==== Supplied material ====

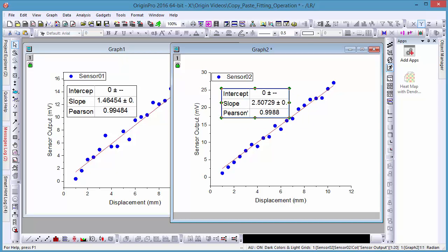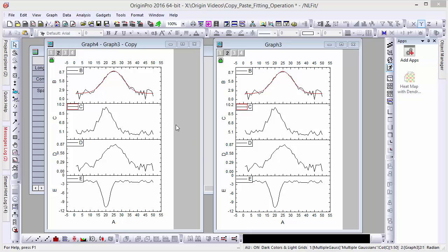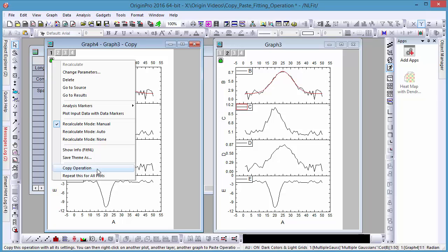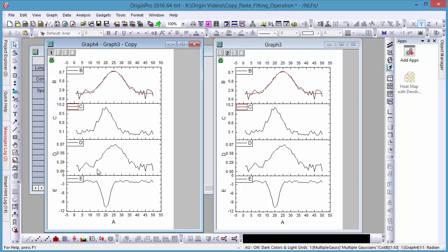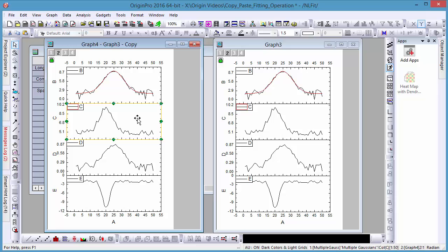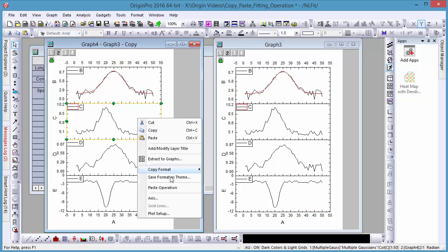For multi-layer graphs, such as this multi-panel graph, users have the option of pasting fitting operations to one panel or all panels. To paste to only one panel, right-click within said panel and choose Paste Operation.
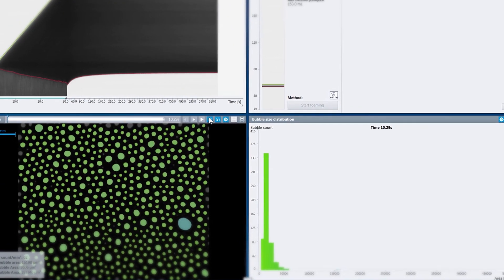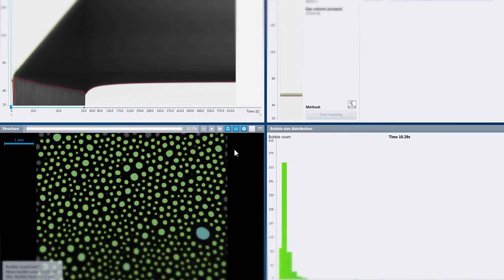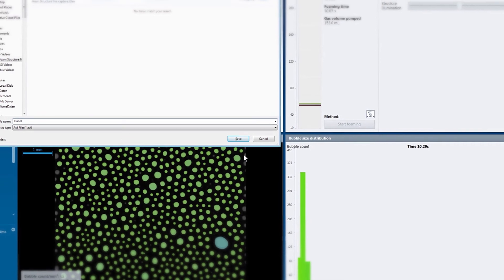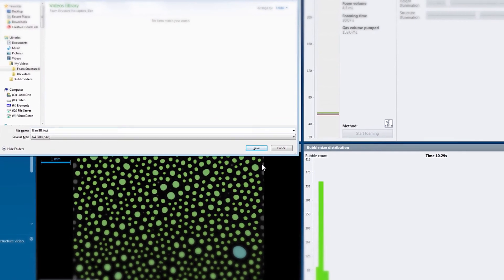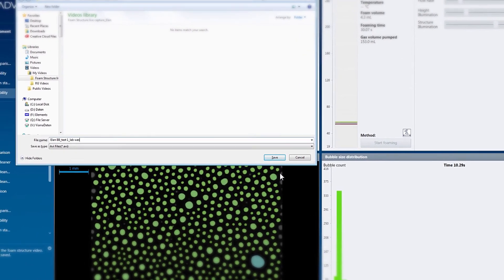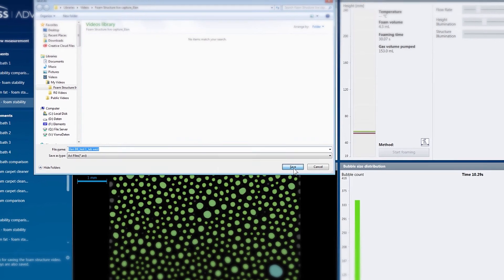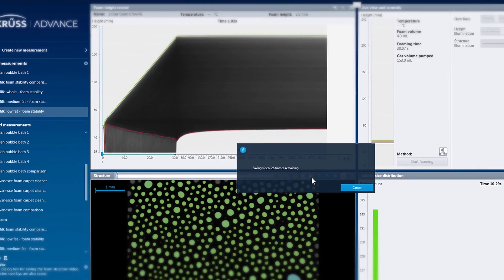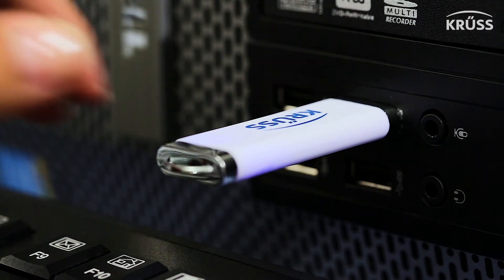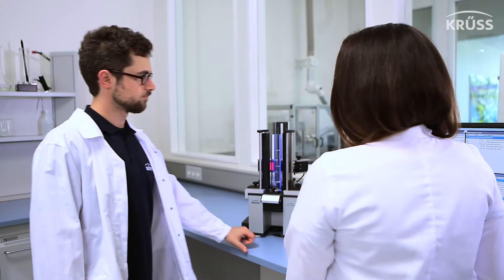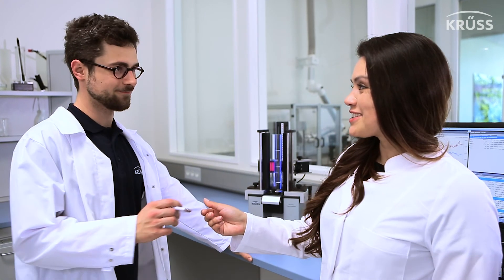The live video from the instrument's foam structure module camera is recorded in the software and can be exported with any of the three informative graphical overlays in standard video formats, or as an individual still image for each video frame. Now the exported videos can be easily archived or shared with colleagues.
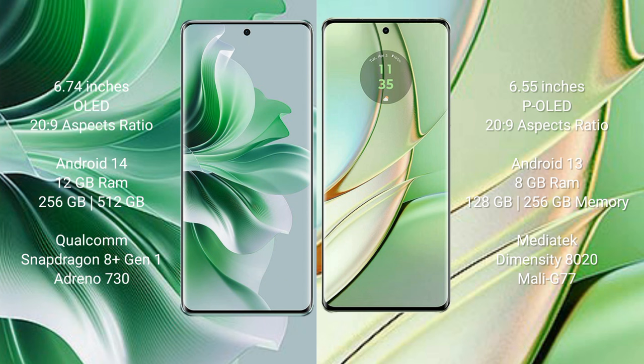Motorola Edge 40 comes with 8GB RAM and 128GB or 256GB internal storage, MediaTek Dimensity 8020 processor and GPU Mali-G77.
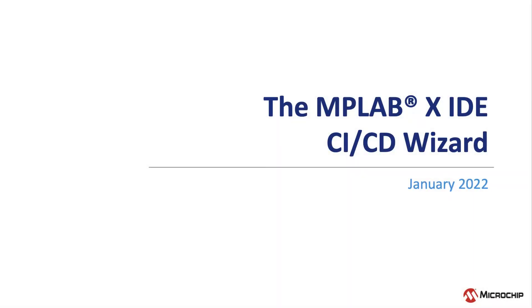This video looks at a new MPLABX IDE tool that helps you generate the files needed to implement a CI-CD pipeline for rapid delivery of reliable products.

====

*Assigned task*. Print the complete listing exactly, apart from any pictures.

*Task result*.
For multi-layer graphs, such as this multi-panel graph, users have the option of pasting fitting operations to one panel or all panels. To paste to only one panel, right-click within said panel and choose Paste Operation.
The live video from the instrument's foam structure module camera is recorded in the software and can be exported with any of the three informative graphical overlays in standard video formats, or as an individual still image for each video frame. Now the exported videos can be easily archived or shared with colleagues.
Motorola Edge 40 comes with 8GB RAM and 128GB or 256GB internal storage, MediaTek Dimensity 8020 processor and GPU Mali-G77.
This video looks at a new MPLABX IDE tool that helps you generate the files needed to implement a CI-CD pipeline for rapid delivery of reliable products.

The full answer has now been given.